[Dataset entries]

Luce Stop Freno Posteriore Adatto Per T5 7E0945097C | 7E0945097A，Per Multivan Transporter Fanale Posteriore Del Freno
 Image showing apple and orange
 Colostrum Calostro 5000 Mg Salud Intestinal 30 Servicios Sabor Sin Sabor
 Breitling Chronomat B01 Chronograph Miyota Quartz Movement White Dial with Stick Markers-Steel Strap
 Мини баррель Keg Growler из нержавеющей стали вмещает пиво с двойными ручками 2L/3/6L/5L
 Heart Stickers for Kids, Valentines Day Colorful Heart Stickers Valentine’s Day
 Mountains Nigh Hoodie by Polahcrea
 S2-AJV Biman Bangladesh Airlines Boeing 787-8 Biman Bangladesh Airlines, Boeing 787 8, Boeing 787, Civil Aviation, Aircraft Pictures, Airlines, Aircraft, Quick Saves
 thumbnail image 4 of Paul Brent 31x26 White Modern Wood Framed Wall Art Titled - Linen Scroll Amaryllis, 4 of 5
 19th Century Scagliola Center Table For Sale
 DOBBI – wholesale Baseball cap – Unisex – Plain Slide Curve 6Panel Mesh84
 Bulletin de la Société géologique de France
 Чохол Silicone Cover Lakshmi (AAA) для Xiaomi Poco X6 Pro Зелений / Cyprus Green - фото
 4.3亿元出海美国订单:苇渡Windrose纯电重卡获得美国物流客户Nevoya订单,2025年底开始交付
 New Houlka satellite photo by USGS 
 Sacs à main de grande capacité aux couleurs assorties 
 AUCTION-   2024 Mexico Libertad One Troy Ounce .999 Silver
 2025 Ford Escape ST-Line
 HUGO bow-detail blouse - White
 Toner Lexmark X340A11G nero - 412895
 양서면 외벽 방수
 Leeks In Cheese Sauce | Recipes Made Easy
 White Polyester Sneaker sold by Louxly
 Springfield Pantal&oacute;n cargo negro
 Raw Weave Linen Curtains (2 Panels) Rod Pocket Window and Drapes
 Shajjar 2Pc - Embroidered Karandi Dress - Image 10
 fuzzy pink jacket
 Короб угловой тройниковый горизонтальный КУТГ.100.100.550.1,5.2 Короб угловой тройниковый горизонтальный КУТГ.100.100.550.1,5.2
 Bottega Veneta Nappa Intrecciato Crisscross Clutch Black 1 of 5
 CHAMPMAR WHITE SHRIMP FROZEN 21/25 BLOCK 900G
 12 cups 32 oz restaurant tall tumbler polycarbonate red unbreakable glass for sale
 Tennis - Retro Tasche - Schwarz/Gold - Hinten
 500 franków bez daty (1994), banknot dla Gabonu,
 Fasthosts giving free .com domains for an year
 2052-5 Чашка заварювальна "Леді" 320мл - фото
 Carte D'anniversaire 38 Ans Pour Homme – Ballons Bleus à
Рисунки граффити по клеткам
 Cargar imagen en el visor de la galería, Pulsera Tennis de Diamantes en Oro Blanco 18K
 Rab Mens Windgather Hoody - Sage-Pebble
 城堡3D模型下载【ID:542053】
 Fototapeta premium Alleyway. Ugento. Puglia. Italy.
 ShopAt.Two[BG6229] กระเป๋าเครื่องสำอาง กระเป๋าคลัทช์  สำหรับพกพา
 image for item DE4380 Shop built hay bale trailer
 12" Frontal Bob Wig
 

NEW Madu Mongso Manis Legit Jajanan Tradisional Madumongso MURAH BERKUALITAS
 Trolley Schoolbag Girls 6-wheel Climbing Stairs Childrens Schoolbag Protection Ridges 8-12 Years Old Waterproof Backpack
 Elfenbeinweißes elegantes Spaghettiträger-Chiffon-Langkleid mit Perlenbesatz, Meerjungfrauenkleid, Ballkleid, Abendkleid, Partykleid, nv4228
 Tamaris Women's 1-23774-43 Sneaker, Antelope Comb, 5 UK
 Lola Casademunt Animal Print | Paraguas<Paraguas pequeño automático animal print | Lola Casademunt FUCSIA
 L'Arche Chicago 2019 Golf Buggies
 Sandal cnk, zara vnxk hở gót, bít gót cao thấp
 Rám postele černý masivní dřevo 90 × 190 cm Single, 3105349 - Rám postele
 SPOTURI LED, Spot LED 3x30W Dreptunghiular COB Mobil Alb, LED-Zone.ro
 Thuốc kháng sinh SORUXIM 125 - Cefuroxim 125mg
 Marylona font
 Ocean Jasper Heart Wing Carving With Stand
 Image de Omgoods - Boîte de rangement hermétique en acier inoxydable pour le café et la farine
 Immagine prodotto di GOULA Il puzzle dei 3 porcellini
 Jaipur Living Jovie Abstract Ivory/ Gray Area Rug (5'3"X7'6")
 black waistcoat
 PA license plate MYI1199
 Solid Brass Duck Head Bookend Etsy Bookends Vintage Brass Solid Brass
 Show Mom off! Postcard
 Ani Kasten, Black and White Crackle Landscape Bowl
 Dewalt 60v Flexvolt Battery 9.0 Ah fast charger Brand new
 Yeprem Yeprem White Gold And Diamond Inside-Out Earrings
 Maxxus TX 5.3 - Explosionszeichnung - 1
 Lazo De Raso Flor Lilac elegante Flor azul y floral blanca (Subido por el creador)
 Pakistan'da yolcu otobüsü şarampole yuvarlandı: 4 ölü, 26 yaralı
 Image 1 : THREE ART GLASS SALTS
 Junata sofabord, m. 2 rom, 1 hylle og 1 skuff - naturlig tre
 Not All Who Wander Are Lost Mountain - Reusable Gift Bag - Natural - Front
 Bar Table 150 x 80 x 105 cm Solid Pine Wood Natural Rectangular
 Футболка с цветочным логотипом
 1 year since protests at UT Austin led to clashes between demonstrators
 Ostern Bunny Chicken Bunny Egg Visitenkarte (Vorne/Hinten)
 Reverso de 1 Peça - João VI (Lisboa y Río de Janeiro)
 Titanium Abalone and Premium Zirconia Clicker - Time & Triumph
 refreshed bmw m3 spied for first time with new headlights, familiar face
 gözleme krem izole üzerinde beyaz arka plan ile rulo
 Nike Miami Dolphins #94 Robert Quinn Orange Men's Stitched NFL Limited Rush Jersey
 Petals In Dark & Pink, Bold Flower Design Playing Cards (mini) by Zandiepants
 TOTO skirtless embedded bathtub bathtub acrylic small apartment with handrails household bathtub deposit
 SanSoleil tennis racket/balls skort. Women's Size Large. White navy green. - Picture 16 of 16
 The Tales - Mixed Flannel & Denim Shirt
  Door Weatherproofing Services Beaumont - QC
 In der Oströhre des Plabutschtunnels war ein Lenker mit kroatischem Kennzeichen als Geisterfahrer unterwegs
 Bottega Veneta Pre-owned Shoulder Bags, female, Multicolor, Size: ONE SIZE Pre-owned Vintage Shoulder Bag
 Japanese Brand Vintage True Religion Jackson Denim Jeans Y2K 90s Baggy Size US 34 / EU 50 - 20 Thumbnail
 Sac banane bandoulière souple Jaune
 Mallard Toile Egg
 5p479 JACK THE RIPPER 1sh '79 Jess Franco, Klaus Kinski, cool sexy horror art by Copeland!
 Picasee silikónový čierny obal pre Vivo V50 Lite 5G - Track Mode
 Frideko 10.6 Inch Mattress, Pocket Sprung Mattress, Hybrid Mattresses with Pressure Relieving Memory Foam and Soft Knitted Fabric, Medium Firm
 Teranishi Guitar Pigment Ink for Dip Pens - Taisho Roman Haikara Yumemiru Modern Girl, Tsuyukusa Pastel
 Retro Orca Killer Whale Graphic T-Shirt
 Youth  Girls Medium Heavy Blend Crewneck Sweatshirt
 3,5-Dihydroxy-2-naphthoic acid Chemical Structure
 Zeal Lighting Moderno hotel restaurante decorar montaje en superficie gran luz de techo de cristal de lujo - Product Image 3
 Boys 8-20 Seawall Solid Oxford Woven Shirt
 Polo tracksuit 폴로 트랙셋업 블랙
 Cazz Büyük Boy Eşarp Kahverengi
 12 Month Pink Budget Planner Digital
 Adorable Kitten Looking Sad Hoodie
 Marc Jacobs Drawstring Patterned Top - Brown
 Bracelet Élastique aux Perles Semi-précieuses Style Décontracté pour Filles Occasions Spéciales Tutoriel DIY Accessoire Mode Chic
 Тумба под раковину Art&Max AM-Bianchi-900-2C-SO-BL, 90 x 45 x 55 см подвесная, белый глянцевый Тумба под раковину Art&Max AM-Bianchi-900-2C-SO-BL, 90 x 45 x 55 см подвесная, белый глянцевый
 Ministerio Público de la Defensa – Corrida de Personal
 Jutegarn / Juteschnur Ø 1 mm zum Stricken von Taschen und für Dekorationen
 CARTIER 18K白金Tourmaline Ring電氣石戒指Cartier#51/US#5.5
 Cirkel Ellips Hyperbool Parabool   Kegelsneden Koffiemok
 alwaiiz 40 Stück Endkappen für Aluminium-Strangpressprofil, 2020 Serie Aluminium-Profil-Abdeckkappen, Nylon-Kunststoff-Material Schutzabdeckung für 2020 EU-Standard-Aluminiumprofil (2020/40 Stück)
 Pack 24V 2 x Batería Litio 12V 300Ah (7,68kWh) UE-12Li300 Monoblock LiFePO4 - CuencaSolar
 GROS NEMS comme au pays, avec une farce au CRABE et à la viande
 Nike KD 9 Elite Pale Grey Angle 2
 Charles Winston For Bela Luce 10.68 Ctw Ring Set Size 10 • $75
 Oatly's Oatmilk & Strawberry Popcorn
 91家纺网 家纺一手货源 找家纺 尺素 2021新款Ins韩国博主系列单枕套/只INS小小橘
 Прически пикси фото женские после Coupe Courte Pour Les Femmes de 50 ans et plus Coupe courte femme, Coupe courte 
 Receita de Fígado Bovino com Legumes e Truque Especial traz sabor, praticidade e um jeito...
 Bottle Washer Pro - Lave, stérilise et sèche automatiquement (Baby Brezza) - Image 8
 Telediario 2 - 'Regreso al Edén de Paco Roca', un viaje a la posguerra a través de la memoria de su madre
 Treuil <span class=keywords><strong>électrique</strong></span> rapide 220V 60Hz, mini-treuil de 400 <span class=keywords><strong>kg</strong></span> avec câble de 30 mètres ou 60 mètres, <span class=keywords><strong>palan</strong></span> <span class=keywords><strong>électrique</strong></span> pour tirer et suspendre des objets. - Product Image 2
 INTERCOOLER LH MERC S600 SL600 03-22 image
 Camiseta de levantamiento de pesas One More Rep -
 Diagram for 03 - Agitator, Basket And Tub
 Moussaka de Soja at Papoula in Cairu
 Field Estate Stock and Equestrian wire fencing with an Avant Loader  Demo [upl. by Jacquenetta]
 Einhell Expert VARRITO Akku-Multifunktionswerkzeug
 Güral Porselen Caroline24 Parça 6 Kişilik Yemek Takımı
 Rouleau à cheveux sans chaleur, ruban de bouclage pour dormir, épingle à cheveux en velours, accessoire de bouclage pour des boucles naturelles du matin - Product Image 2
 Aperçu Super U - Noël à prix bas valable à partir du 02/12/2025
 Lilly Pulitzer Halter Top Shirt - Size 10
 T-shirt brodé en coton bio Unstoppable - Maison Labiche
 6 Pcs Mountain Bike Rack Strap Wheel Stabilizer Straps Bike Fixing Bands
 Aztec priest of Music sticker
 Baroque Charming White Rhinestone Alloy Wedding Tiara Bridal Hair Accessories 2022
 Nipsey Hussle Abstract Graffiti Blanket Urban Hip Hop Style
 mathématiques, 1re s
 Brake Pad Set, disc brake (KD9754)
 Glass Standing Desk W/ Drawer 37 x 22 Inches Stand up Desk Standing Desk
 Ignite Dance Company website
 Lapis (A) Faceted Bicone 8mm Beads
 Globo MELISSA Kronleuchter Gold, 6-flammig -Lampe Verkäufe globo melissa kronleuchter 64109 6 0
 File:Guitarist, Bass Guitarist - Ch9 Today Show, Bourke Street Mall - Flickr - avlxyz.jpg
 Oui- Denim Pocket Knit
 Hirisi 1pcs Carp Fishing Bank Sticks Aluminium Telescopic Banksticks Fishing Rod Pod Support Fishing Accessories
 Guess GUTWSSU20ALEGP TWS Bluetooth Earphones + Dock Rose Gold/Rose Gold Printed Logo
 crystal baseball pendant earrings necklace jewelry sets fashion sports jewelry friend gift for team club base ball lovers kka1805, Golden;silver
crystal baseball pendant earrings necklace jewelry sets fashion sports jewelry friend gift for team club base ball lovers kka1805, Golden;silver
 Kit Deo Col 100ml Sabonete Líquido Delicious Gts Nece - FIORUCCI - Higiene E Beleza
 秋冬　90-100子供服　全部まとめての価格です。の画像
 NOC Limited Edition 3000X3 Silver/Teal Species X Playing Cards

▸ **WORK ORDER**
Output the lines of the records above exactly as they appear, from the line containing "91家纺网 家纺一手货源 找家纺" through the line containing "Receita de Fígado".

▸ **YOUR SOLUTION**
 91家纺网 家纺一手货源 找家纺 尺素 2021新款Ins韩国博主系列单枕套/只INS小小橘
 Прически пикси фото женские после Coupe Courte Pour Les Femmes de 50 ans et plus Coupe courte femme, Coupe courte 
 Receita de Fígado Bovino com Legumes e Truque Especial traz sabor, praticidade e um jeito...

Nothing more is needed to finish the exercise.